→ **DATASET ENTRIES**
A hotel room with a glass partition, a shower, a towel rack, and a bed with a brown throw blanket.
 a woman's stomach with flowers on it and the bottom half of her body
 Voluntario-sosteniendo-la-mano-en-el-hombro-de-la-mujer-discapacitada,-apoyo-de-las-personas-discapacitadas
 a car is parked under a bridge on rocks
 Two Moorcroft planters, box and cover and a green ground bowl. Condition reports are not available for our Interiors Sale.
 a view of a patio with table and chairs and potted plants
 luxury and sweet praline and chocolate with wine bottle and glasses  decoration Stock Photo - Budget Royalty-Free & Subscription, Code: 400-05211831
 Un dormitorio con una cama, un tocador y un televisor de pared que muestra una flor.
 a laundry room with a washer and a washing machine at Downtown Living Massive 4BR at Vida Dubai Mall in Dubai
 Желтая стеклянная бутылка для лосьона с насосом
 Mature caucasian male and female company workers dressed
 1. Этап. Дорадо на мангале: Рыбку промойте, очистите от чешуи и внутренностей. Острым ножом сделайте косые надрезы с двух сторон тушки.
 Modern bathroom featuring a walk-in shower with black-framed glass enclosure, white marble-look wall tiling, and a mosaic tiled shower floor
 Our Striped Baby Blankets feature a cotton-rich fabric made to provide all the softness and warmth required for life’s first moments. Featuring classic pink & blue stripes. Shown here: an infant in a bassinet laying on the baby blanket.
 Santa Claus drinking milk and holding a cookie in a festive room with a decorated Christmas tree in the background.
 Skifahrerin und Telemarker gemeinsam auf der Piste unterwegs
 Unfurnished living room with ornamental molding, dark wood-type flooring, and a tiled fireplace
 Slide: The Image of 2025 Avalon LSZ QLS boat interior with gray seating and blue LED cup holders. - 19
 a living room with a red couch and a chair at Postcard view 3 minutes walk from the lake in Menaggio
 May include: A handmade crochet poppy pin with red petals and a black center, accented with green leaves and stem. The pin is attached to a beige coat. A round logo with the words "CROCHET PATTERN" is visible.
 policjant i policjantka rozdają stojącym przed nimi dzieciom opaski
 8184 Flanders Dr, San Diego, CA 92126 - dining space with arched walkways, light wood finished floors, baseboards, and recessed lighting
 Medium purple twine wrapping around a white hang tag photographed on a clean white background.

→ **TASK DIRECTIONS**
Count the lines above in which the word "blanket" appears, then state only that count.

→ **SOLUTION**
2